Así relata Gonzalo Fernández de Oviedo, primer cronista de las Indias, en su Historia General y Natural de las Indias (1535), aquel hecho deslumbrante, sobrecogedor, maravilloso y, en cierta medida, mágico, que dio inicio a la civilización de lo que hoy llamamos “América”.

Fue el 12 de octubre de 1492 a las dos de la mañana. Fecha y hora llenas de significado. La hora, porque marca el paso de la oscuridad de la noche a la luz del día, símbolo de la llegada de la Luz del Evangelio que, a lomos del legado cultural de Grecia y Roma y de la sangre y costumbres de vástagos de iberos y visigodos, venía a liberar a los nativos de la barbarie. La fecha, porque 39 años antes los turcos otomanos se habían apoderado de Constantinopla abriendo para el islam la puerta de una Europa debilitada por luchas y divisiones entre los reyes cristianos, con lo que era cosa de tiempo para que la medialuna engullera con sus tenazas a la Cruz.

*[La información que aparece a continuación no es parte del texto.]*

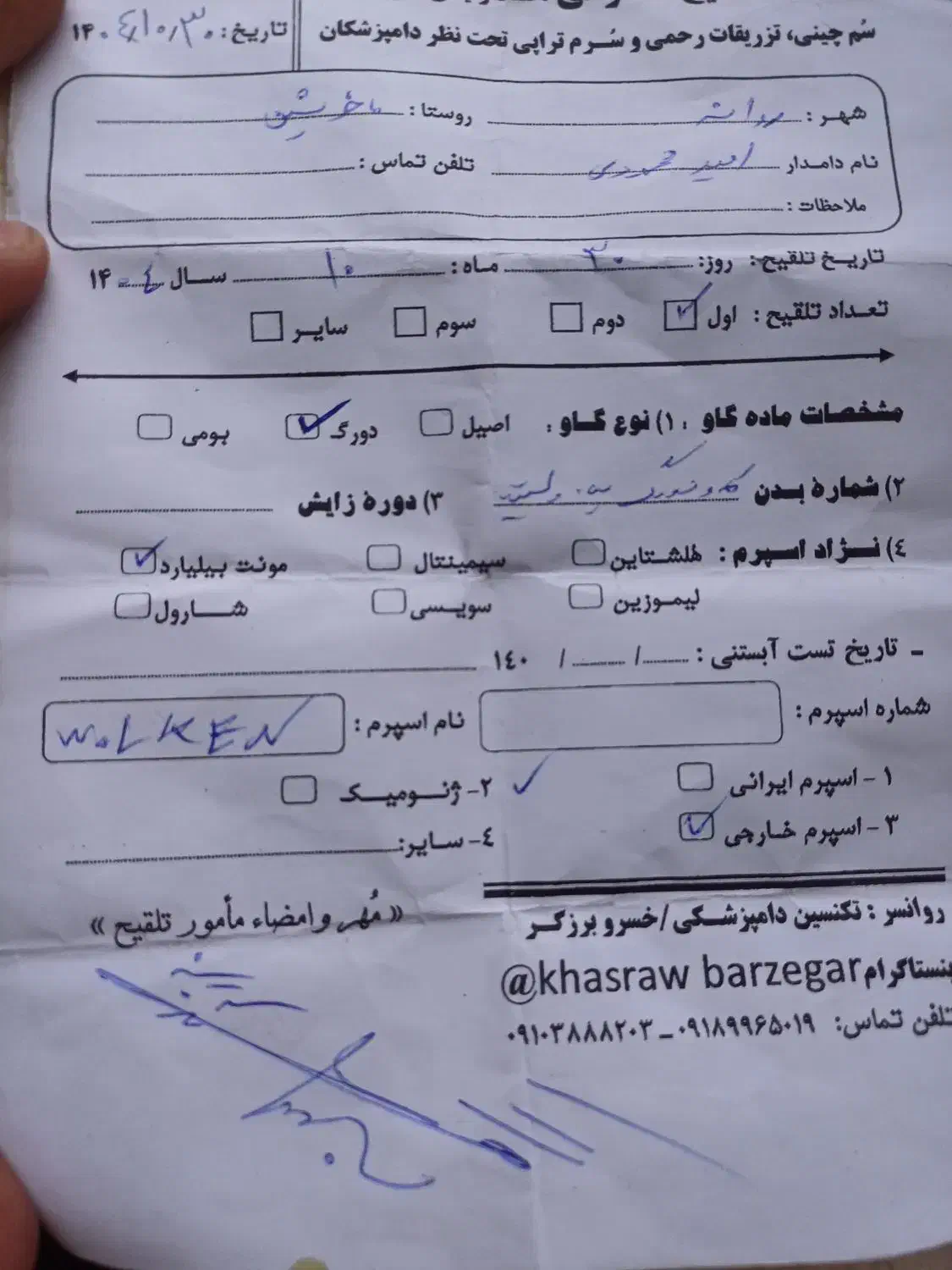 گاو و گوساله دورگ|حیوانات مزرعه|مریوان, |دیوار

Sin embargo, el 2 de enero de 1492 las fuerzas de la España católica conquistaron Granada expulsando al islam de las tierras ibéricas después de ocho siglos de ocupación y, nueve meses después, Colón ponía a disposición de esa misma España todo un continente para ser cristianizado. No deja de ser llamativo que en el origen de ambos acontecimientos estuviera una mujer (¡y qué mujer!), Isabel de Castilla, quien fuera designada por la Providencia para levantar el glorioso Imperio Español que aplastó la cabeza de esa amenaza que parecía encaminada a acabar con el cristianismo.

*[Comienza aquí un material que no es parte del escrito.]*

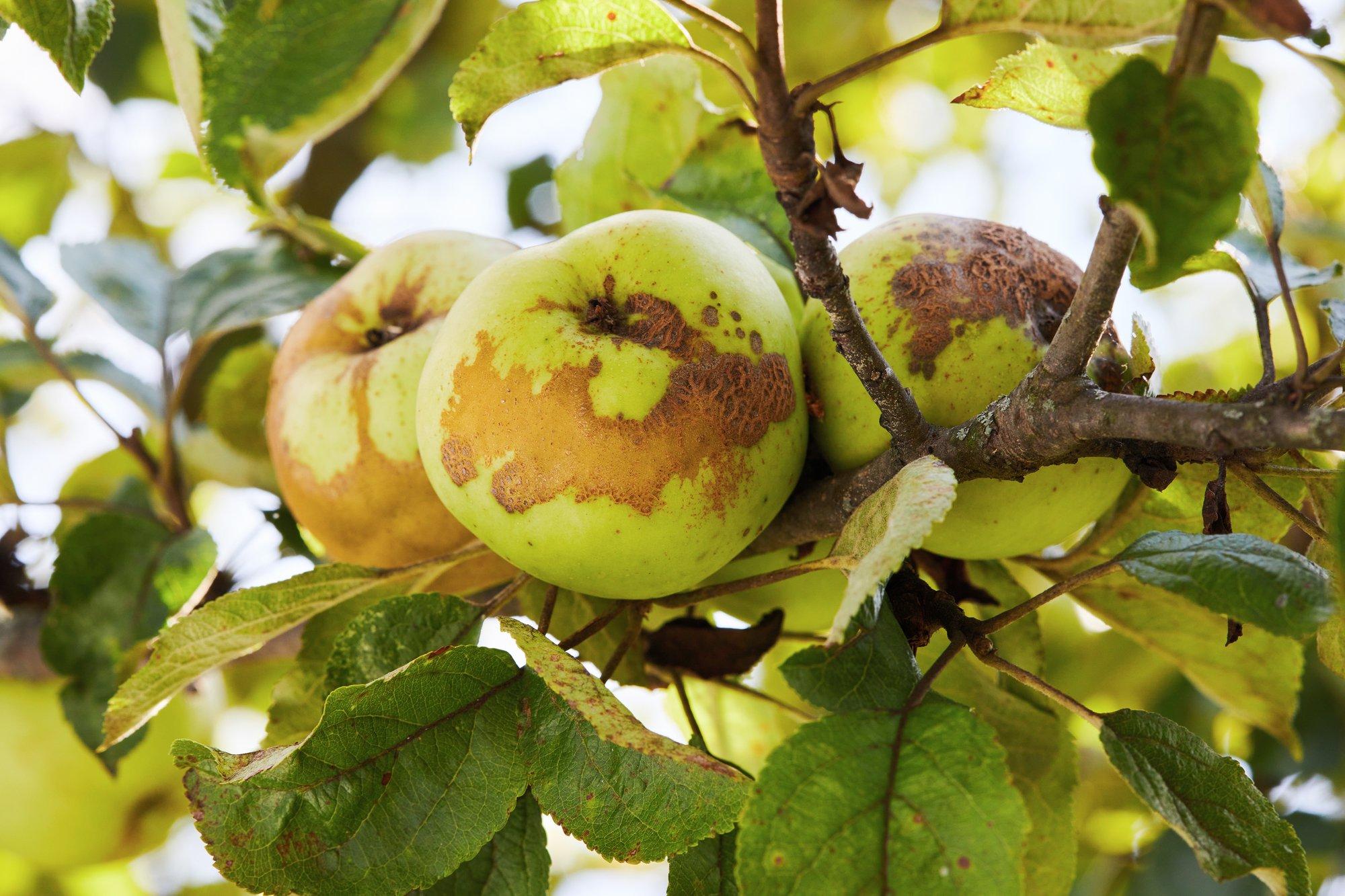 Õunakasvatajad maadlevad keeruliste ilmaoludega. Milliseks kujuneb tänavune õunasaak?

El mito del Buen Salvaje, asumido por el progresismo como dogma, cuenta que los nativos americanos vivían en paz e inocencia hasta que los perversos blancos europeos cristianos llegaron a esclavizarlos y contaminarlos con su avaricia. Las crónicas, los restos arqueológicos y las hoy remanentes costumbres ancestrales dicen otra cosa. Los nativos no eran por naturaleza mejor que los europeos, por el contrario, al igual que aquellos, tenían luces y sombras, solo que habitaban tierras que no habían recibido el baño purificador del cristianismo. Por eso practicaban la guerra y el sometimiento con tanto o mayor encarnizamiento que los conquistadores, y realizaban sacrificios humanos (especialmente de niños), y ofrecían las vísceras a sus dioses (que en realidad eran demonios) siempre sedientos de sangre humana. Así lo atestiguan los frecuentes hallazgos de restos de cientos y miles de infortunados, siempre ignorados (me refiero a los hallazgos) por la prensa y la academia progresista. ¡Es que no hay nada peor que la realidad para echar a perder el relato ideológico!

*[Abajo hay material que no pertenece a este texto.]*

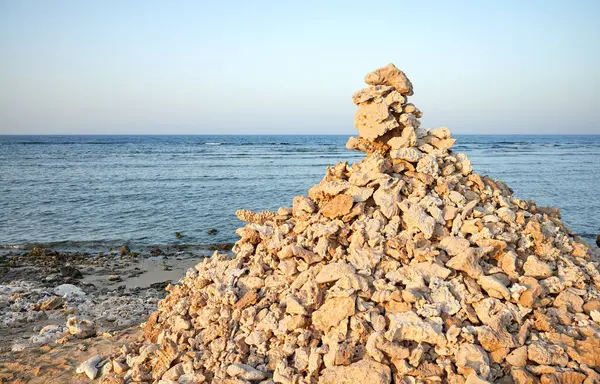 Pyramida Korálů Kamenů Pláži Selektivní Zaměření Egypt Stock Fotografie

La hazaña de Colón y compañía dio lugar a lo que la enseñanza escolar denomina equivocadamente “colonia”. Digo “equivocadamente” porque lo que hicieron nuestros antepasados hispanos no consistió en la mera explotación de nativos y recursos naturales; no señor. De acuerdo con su cosmovisión, ellos levantaron en tierras americanas nuevas “Españas” (como se les llamaba en aquel entonces), reproducciones de aquellas otras “Españas” ibéricas: Castilla, Aragón, Andalucía, León, Asturias… Todas −ibéricas y americanas− unidas por su lealtad a la misma Corona y por su fe en el mismo Dios Uno y Trino, encarnado en la Santa Iglesia Católica.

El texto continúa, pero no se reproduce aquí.